Implementing the directive to deploy space weapons would generate substantial financial, technological, political, and diplomatic challenges, although official White House spokespeople state that no international treaty explicitly prohibits such weapons. A decision is expected in the coming weeks.
In fact, according to Air Force representatives, the goal is not to place weapons in orbit, but to ensure unrestricted access to space for defensive or offensive operations.
From this perspective, the Pentagon has already spent billions of dollars preparing weapon systems and the deployment mechanisms. This was recommended in January 2001 by a commission chaired by newly appointed Defense Secretary Donald Rumsfeld.
Following these proposals, President Bush withdrew from the Anti-Ballistic Missile Treaty, which prohibited the deployment of weapons in space.
Today, there is no doubt that for the Air Force, the concept of absolute space superiority implies both the freedom to attack and the freedom from attack from space.
This will require new weapons, new types of satellites, and new means of cooperation with military forces. Technological obstacles will be enormous, and funding is estimated to reach hundreds of billions of dollars. There will also be a need to convince allies that the U.S. frontier now extends into space—but to what extent?
The Air Force has developed a new strategy, called Global Strike,
which involves creating a so-called “common aero vehicle”,
a spaceplane capable of carrying guided weapons with a payload of half a ton.

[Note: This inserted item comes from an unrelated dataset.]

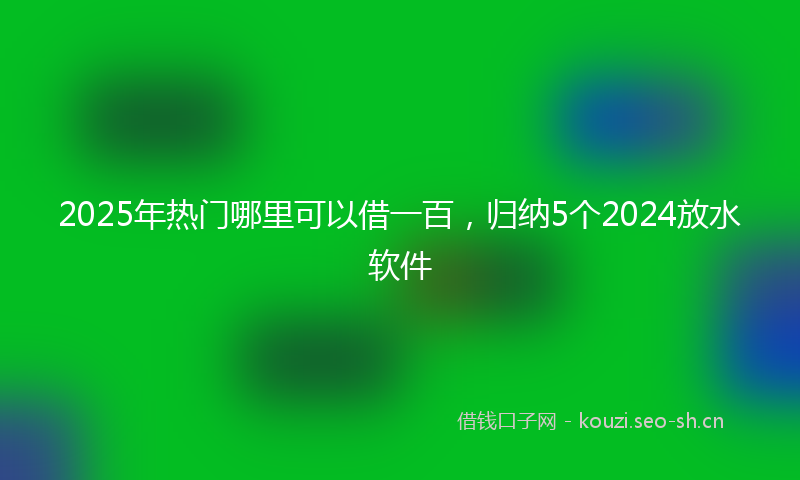 2025年热门哪里可以借一百，归纳5个2024放水软件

According to General Lord, testifying before Congress, this would represent “an incredible capacity to destroy command centers and missile launch sites wherever they may be located around the world.”
It could reach its target in 45 minutes after circling half the globe. Development of this vehicle is considered the top priority.
The Air Force has already developed various prototypes of such weapons, which we have presented in our review.
Among them is the XSS-11, a microsatellite capable of jamming other nations’ communication and reconnaissance satellites. The Pentagon has not concealed its willingness to use such weapons to destroy satellites belonging to “allies” that might threaten U.S. interests—for example, satellites from the future European Galileo program, particularly if they were developed with participation from countries considered adversaries, such as China.
Another program, significantly named “Rods From God,” aims to drop tungsten, titanium, or depleted uranium cylinders from space to deeply penetrate terrestrial targets. Traveling at speeds of 10,000 km/h, they would have the effect of small atomic shells.
A third program will use laser beams or radio-electric waves capable of immobilizing or destroying ground troops and equipment.
General James E. Cartwright, head of the U.S. Strategic Command, recently explained to the Senate subcommittee responsible for nuclear weapons
that the goal was to enable the nation to “deliver a very rapid strike, without lengthy preparatory planning, anywhere on Earth’s surface.”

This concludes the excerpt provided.